• [PROBLEM DESCRIPTION] Report, as a single number, how many lines of the records contain the word "Building".

|---|

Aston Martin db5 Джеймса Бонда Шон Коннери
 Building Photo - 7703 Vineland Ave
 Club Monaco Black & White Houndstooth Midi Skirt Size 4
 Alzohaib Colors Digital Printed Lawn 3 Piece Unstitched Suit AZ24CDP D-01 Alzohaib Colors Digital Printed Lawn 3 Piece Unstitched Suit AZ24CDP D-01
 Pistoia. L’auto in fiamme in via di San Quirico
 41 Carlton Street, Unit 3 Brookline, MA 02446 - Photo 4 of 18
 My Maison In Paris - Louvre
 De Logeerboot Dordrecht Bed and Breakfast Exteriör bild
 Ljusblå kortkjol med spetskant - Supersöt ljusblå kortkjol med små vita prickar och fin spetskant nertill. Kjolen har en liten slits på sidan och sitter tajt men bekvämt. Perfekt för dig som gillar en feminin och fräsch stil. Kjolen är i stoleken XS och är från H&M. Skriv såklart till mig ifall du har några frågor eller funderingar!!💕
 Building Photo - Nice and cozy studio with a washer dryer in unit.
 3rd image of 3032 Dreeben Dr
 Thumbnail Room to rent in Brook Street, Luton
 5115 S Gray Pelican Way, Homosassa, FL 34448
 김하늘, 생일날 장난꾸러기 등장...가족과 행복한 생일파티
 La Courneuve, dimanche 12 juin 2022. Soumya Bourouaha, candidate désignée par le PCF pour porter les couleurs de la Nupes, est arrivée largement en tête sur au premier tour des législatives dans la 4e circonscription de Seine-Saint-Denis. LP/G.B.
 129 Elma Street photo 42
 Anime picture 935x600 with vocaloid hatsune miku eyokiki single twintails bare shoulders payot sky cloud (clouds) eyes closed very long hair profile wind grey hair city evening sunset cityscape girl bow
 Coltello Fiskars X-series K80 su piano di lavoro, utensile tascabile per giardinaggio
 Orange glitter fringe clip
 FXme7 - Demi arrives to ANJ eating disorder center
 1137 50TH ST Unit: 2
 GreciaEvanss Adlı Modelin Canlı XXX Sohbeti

|---|

• [FINISHED EXERCISE] 2